Dieci storie di fantasia per esorcizzare la paura di ritrovarci a Natale un regalino sotto l'albero, chiamato Silvio, già regalatoci cinque anni fa dai fedeli e stimati concittadini berlusconiani.

L'incidente

Senato, giorno del voto di fiducia al governo sulla finanziaria. La senatrice Livia Turco, mentre pascola verso il banco della presidenza per esprimere il suo voto, inciampa nel filo del microfono tesole fra i piedi dal vicepresidente Calderoli, che ride in mezzo ai denti. La senatrice si lascia scappare un sonoro "NO, aiuto" e la speaker annuncia "Turco NO".

Cade il governo

Il lutto

Pochi giorni prima della seduta in Senato per la fiducia al governo, viene a mancare all'affetto dei suoi cari il premio Nobel Rita Levi Montalcini. Ai suoi funerali partecipa tutto il governo, il Presidente Prodi dichiara in lacrime: "Rita, presto ti raggiungeremo tutti"

Inevitabile l'epilogo


L'inganno

Il senatore Renato Schifani approfitta della pausa dei lavori in Senato prima della fiducia per fare una visitina al bagno. Sedutosi sull'amata ceramica Pozzi&Ginori, mentre sfoglia l'ultimo Topolino, si accorge che nel separè vicino al suo c'è un collega della maggioranza (nota sul pavimento una copia del giornale "L'Unità"). Un mefistofelico sorrisino solca il suo volto...

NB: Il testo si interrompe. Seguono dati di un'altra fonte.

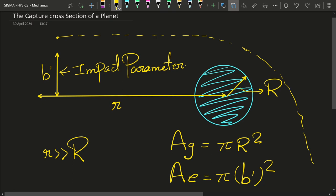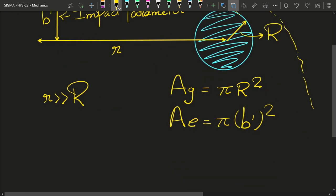And hence the problem of finding the effective area finally reduces to finding what b'² is. To find b', what we are going to do is conserve angular momentum and energy. Linear momentum is obviously not conserved because the direction of momentum is obviously changing, as you can see from the figure. But angular momentum will be conserved since it is a central force — gravity — which is a conservative force. So if we launch a satellite from b', it will surely land on the surface of the planet. Let us conserve energy first.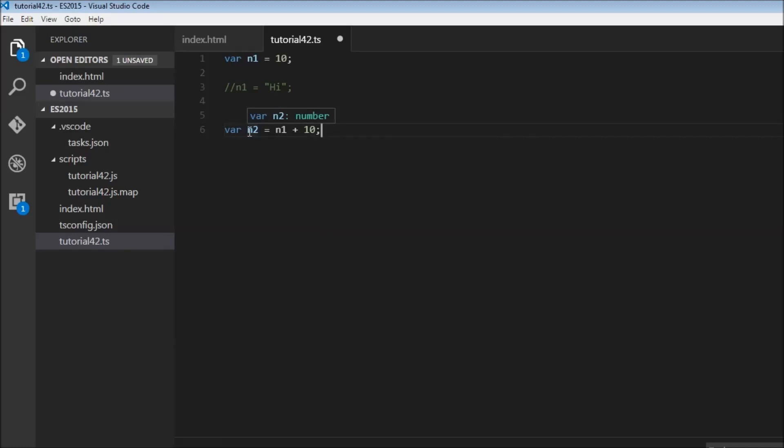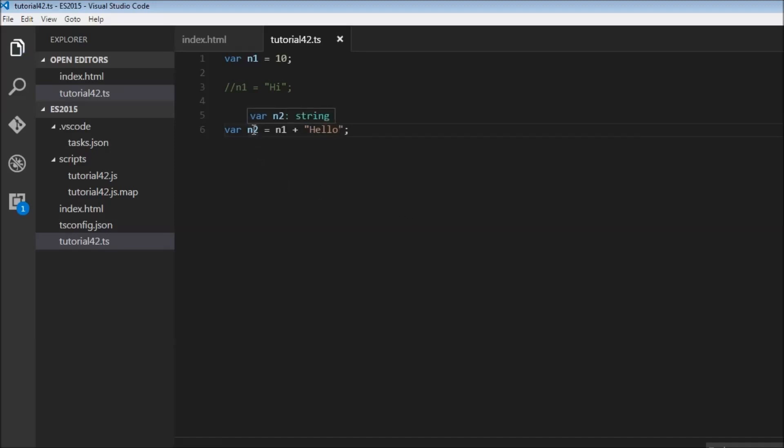So what we assume is that we have created a variable n2 that accepts numeric value, and if I hover over it, that is in fact true. n2 is of type number. But try this scenario. I'm going to change 10 to hello.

"Collega, fai pure con comodo, Marini ci ha dato mezz'ora in più!"
"Ah, bene, grazie Renato!"


La rivelazione

La senatrice Paola Binetti, già presidente del comitato Scienza e Vita, è in Senato per la fiducia al governo. Rutelli, esercitando tutto il suo fascino, la convince che la parolina magica oggi è "Sì", che ha sentito Ruini ed è d'accordo anche lui e poi non dovrà confessarsi perchè ha detto che non è peccato. La Binetti non ci crede, telefona a Camillo il quale le dà il suo benestare. Un po' titubante si avvicina al banco della Presidenza per dire il suo sì (come Maria all'angelo), quando dall'alto appare una colomba (ovvero un piccione introdottosi per sbaglio in aula) che deposita le sue deiezioni sulla giacca della malcapitata. Sconvolta, la Binetti cade in una sorta di trans, cercando di interpretare il messaggio metafisico lanciatole dal divino. E dopo un agghiacciante urlo di Rutelli la senatrice dice "No"


L'idraulico

Il senatore Mastella non ha dubbi; si avvia verso il Presidente Marini per dire il suo sì. Il cellulare vibra, potrebbe essere importante.

"Pronto?"
"Clemente, ciao, sono io, ma alla fine a casa è passato l'idraulico?"
"No"

"Mastella NO"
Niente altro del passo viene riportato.